And I’m okay with characters who hurt each other equally. Sworn enemies like DAYS’ Nicole and EJ, or BTVS’ Buffy and Spike constantly one-upping each other is totally up my alley. I love the banter, the snark and the fact that they can match each other. That’s why the season six episode of BTVS, “Seeing Red,” made me so unbelievably angry. The writing had Buffy get hurt in some ridiculously heavy-handed way so that she would suddenly be vulnerable, and Spike would gain the physical upper hand. It was gratuitous, painting him as the would-be rapist when he’d never attempted something like that with her before. And just a few episodes before that, Buffy beat the ever-loving tar out of him; it wasn’t couched as abusing one’s partner, but as an example of Buffy’s continued downward spiral. I found the whole arc distasteful once they started playing with the power balance, you know? But Spike died for her, which was the ultimate in redemptive gestures. I just wish that Angel hadn’t bankrupted it by resurrecting the character. He should have stayed dead.

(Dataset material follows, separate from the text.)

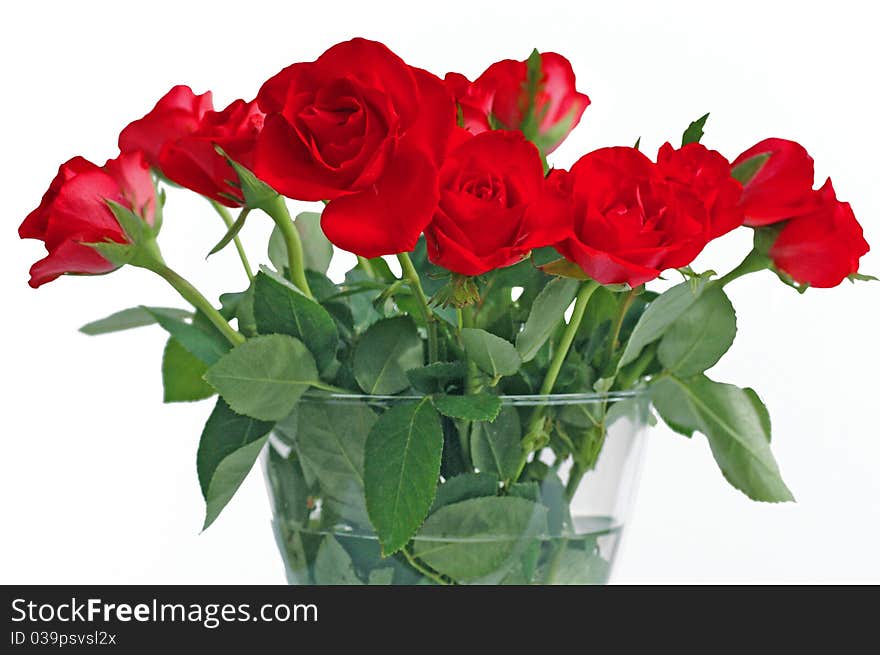 Bouquet Of Red Roses In Vase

I am all about death being a logical end to an antagonist love story. See Guy of Gisborne, Marian and Robin from BBC’s Robin Hood. They were the most effed up non-threesome ever, with all three characters acting like various shades of asshole. And though Lucy Griffiths, Richard Armitage and Jonas Armstrong were great, by the end of the show I was glad for the “rocks fall, everybody dies” resolution.
I think what it comes down to is that I don’t like one party being the victim. The playing field has to be level. And if it’s not level, there has to be a really good reason for it.